CVE-2025-2545 identifies a cryptographic vulnerability in Best Practical Solutions' Request Tracker software versions prior to 5.0.8. The vulnerability arises from the use of the Triple DES (3DES) algorithm to protect emails sent using S/MIME encryption. 3DES, once a widely used symmetric encryption standard, is now considered obsolete due to its susceptibility to birthday attacks, which exploit the relatively small block size (64 bits) to find collisions and recover plaintext data. This weakness undermines the confidentiality of encrypted emails, potentially allowing attackers who can intercept these messages to decrypt sensitive information. The vulnerability does not require authentication or privileges to exploit but does require user interaction (opening or receiving encrypted emails).
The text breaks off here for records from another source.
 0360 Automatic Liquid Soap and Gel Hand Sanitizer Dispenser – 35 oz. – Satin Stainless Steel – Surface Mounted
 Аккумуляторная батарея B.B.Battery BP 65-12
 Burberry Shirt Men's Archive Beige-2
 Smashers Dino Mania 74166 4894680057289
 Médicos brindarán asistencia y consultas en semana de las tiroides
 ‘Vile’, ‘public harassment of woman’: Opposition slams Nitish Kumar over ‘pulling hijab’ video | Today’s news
The CVSS 4.0 vector indicates a network attack vector with high attack complexity and low impact on confidentiality, no impact on integrity or availability, and no privileges required. No known exploits have been reported in the wild, and no patches are linked in the provided data, but the vendor has released version 5.0.8 to address this issue by replacing 3DES with modern, secure cryptographic algorithms. The vulnerability is classified under CWE-327, which covers the use of broken or risky cryptographic algorithms. This issue primarily affects the confidentiality of email communications within organizations using vulnerable versions of Request Tracker.
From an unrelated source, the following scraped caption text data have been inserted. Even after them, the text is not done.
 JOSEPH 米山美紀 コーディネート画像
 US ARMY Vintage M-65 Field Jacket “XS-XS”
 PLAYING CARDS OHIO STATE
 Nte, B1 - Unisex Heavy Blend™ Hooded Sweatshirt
For European organizations, the primary impact is the potential compromise of confidentiality in email communications protected by S/MIME encryption using 3DES within Request Tracker. This could lead to unauthorized disclosure of sensitive or confidential information, including internal communications, customer data, or intellectual property. Although the CVSS score is low, the risk is non-negligible for sectors handling sensitive data such as finance, healthcare, legal, and government agencies. Exploitation requires interception of encrypted emails and user interaction, which limits the attack surface but does not eliminate risk. Additionally, failure to address this vulnerability may result in non-compliance with GDPR and other data protection regulations that mandate the use of strong encryption to protect personal data. The impact on integrity and availability is negligible, but the confidentiality breach could damage organizational reputation and trust.
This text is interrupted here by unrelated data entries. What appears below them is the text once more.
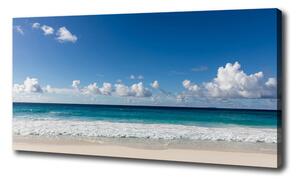 Foto obraz na plátne Pláž Seychely oc-116222008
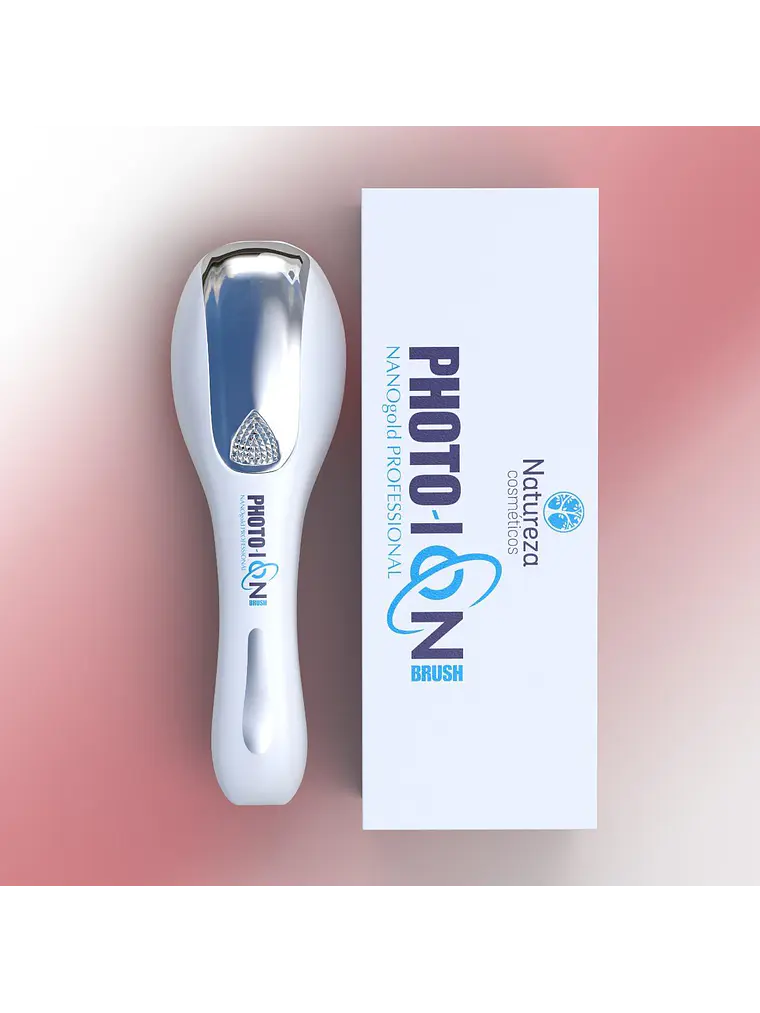 Cepillo Photo Ion Brush – Terapia Capilar Avanzada con LED, Ozono e Iones Negativos 1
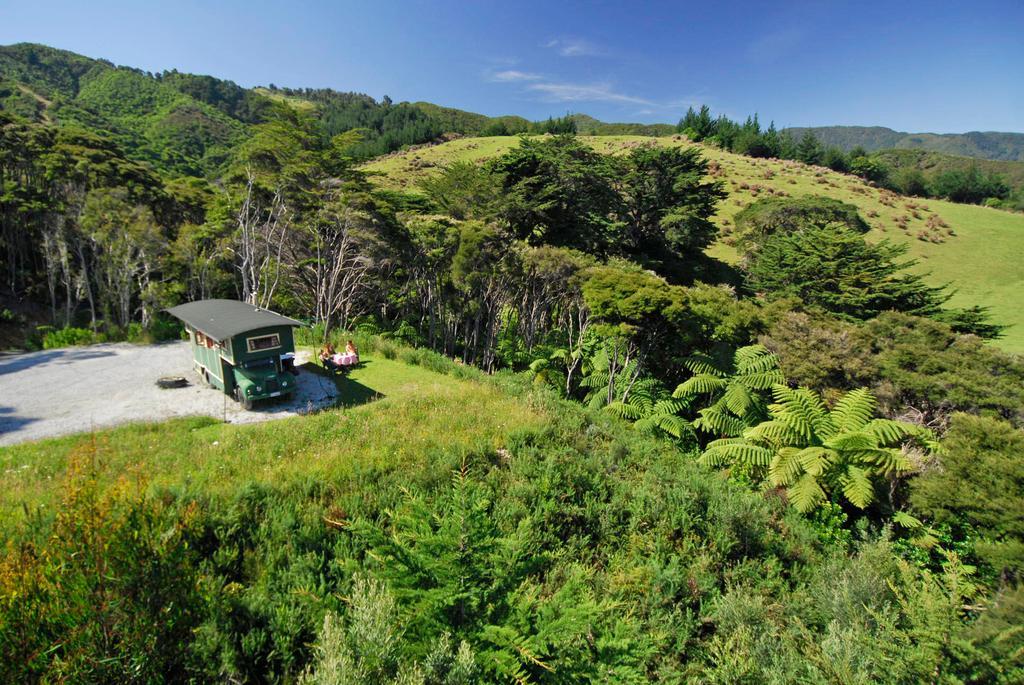 Golden Bay Hideaway Villa Takaka Eksteriør bilde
Organizations should immediately upgrade Request Tracker to version 5.0.8 or later, which replaces the insecure 3DES algorithm with modern cryptographic standards such as AES. Until the upgrade is applied, organizations should consider disabling S/MIME email encryption within Request Tracker or configuring it to use stronger algorithms if possible. Network monitoring should be enhanced to detect unusual interception or decryption attempts on email traffic. Additionally, organizations should review their cryptographic policies to ensure deprecated algorithms like 3DES are phased out across all systems. Employee awareness training should emphasize the risks of opening suspicious encrypted emails. For compliance, organizations should document remediation efforts and verify that encryption standards meet GDPR and other relevant regulatory requirements. Finally, maintain vigilance for any emerging exploits targeting this vulnerability.